Final iterations and interaction details
At this point, I was satisfied with the user testing results and received some help from our intrepid visual designers. Up to and during the engineering phase, we continued to polish the visuals, motion, and some interaction details. As a new visual system was coming for right-hand panes in the Windows and Surface Hub versions of the app, we adjusted the design to fit.
PC
I’ve included a gallery of all of the steps of the PC experience with some details in the captions. Click on an image for more detail.
Phone
With some help from a visual designer, I adapted the experience for mobile devices – the mobile app retained the same basic flow as its large screen counterpart, but several elements were adjusted and re-arranged to make the pane fit properly on a small, portrait device.
We removed the ability to search with pen and instead opted for just a text box. It felt more natural considering limited input options on most phone.
All of the basic sharing options are available here. Editing individual user permissions is planned but hasn’t yet shipped on iPhone.
Surface Hub
The Surface Hub design had the most difficulties, simply because most of the time it’s running in an “anonymous” state. The flow seen in the above cases still works here assuming the user is logged in, but in a lot of cases that’s just not true. Every time a meeting ends or the device is inactive for a period of time, the OS wipes the entire thing clean for privacy and security. It’s a good security measure, but it means that someone needs to log into the Surface Hub to be able to permanently store content. And that is a time consuming process. Even if there’s a meeting scheduled in the room with the Surface Hub, it’s tricky to find permanent storage for the Whiteboard when there’s no user logged into the device on which it’s being created.

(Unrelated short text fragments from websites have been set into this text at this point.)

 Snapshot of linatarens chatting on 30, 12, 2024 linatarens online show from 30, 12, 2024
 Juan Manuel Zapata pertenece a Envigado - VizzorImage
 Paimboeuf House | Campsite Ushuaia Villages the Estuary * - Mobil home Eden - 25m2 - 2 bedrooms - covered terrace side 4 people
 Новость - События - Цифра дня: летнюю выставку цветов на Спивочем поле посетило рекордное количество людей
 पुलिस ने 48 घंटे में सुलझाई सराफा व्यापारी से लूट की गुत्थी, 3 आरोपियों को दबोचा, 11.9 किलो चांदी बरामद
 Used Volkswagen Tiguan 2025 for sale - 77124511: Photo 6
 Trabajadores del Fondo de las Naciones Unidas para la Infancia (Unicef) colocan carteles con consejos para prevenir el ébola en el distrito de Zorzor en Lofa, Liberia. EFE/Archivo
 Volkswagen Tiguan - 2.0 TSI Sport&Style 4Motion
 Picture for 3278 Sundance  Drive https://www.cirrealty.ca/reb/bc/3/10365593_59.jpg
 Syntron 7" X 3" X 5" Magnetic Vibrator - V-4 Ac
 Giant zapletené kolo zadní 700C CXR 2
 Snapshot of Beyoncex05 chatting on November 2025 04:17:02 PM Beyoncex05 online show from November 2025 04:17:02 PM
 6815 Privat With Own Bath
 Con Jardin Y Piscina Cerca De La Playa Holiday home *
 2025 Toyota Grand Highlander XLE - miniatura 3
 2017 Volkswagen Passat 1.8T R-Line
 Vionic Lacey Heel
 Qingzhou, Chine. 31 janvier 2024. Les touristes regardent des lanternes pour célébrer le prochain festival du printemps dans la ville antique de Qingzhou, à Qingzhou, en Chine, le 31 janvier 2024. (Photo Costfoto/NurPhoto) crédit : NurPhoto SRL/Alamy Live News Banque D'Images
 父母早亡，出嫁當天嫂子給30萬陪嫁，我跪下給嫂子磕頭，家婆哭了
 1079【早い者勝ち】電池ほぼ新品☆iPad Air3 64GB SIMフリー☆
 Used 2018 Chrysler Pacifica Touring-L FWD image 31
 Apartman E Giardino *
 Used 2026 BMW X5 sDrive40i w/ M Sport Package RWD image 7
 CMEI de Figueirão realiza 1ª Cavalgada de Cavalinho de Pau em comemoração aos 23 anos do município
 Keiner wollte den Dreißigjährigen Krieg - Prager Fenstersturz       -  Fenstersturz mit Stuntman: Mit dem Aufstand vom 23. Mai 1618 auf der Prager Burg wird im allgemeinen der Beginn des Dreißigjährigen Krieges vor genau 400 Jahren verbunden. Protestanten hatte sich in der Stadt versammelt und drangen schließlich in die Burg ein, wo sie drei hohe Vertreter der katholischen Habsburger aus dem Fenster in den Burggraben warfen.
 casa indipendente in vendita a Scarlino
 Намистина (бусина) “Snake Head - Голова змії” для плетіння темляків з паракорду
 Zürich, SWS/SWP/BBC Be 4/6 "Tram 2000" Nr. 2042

We ended up breaking this anonymous case into its own, smaller feature. Eventually, we found a way to use the Surface Hub resource account to temporarily store the newly created Whiteboard and then subsequently invite additional people using the common collab flow. There are still some tweaks to this design I’d like to implement – the messaging is a bit off as you’re not just inviting other, but you’re also saving the content for yourself for use when you get back to your desk.
Since the Surface Hub is the creator and owner of the content, a system administrator has some extra control around what’s allowed. That means that in some cases, sign in will simply be required to collaborate on the Hub, but in the majority of cases, the experience is really magical. Especially if you have a scheduled meeting.
Below is a gif of a user joining a Teams meeting on the Hub, inviting the attendees of the meeting, another suggested participant, and searching for and adding another user with a Surface Pen. All within a few seconds!
Outcome
The collab flow has now shipped for all devices, including the anonymous flow for Surface Hubs (for those organizations whose privacy settings allow it). We continue to hear positive feedback from our customers and our team uses it daily at work 🙂
We have lots of metrics around how people are collaborating in Whiteboard since the implementation of this project. Unfortunately, specific metrics are under NDA, but I can say that the collab flow has greatly increased our numbers around engagement and engaged customers. More users sharing means more users trying the app and creating Whiteboards of their own. Any feedback we previously had about people wanted to share as an email attachment has stopped and instead people are asking about additional share targets from the Invite pane.